January Native Plant of the Month: Snowberry

RNPP has started writing a new Native Plant of the Month column for the Rogue Basin Partnership newsletter! You can find the full RBP January newsletter here, and our Native Plant of the Month Column copied below.

Snowberry (Symphoricarpos albus) is a common deciduous shrub, growing 3-6’ in riparian, swamp, moist meadow and open forest habitats, from sea to middle elevations. What makes it so lovely at this time of year is that it’s leafless stems are graced with clusters of bright white berries that sharply stand out against the winter landscape.

Snowberry is in the Honeysuckle family, and just like Honeysuckle berries, they are not edible to humans. The whole plant is toxic to humans, although records show that Native Americans have used the berries medicinally for a variety of purposes, and the stems for arrow shafts.

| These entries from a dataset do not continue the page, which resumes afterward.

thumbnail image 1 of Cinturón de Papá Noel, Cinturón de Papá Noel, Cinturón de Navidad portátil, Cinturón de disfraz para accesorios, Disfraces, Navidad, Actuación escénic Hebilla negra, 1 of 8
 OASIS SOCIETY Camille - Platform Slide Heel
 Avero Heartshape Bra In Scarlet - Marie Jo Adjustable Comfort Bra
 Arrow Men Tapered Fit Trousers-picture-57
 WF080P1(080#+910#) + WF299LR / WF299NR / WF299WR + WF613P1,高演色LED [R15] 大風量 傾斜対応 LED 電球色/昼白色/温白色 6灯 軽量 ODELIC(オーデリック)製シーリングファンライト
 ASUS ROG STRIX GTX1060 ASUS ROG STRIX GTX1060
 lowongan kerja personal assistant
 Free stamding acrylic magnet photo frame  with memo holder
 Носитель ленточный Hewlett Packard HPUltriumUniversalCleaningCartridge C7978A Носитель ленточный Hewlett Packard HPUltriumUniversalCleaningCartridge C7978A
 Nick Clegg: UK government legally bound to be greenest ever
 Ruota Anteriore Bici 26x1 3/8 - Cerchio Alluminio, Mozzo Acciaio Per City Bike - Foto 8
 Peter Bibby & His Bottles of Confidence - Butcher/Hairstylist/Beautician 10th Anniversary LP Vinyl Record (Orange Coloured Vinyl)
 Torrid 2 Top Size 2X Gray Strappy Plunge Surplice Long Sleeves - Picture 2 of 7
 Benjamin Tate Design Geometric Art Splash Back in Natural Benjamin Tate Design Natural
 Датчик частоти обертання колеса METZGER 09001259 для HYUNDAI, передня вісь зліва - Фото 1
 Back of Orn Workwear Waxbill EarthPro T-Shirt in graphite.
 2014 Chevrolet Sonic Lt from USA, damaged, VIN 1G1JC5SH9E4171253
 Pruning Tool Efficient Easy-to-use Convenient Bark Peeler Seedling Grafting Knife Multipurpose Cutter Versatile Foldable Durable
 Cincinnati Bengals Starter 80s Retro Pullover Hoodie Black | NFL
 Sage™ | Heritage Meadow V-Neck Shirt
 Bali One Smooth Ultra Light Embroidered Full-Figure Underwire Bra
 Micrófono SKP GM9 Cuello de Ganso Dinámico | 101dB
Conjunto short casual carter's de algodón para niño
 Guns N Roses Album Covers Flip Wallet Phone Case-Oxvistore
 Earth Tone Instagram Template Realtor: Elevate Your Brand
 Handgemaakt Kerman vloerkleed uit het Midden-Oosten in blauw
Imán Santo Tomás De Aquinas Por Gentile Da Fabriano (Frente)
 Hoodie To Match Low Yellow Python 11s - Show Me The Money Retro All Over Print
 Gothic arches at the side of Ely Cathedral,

The berries have a mild saponin content, which produces foam when mixed with water. The whole plant is excellent grazing for wild and domestic animals, and birds enjoy the berries and cover that the shrubs provide. Birds also disperse the seeds widely, although the plant’s main reproductive method is to sprout new shoots from its spreading rhizome. As a result, you can often see it growing in quite substantial thickets, which provide great cover for small mammals.

If you are looking to replant a disturbed or eroded site, Snowberry is a great choice due it’s relatively fast growth and rhizomatous spreading. It grows in full sun, but tends to prefer some shade, and well-drained soil.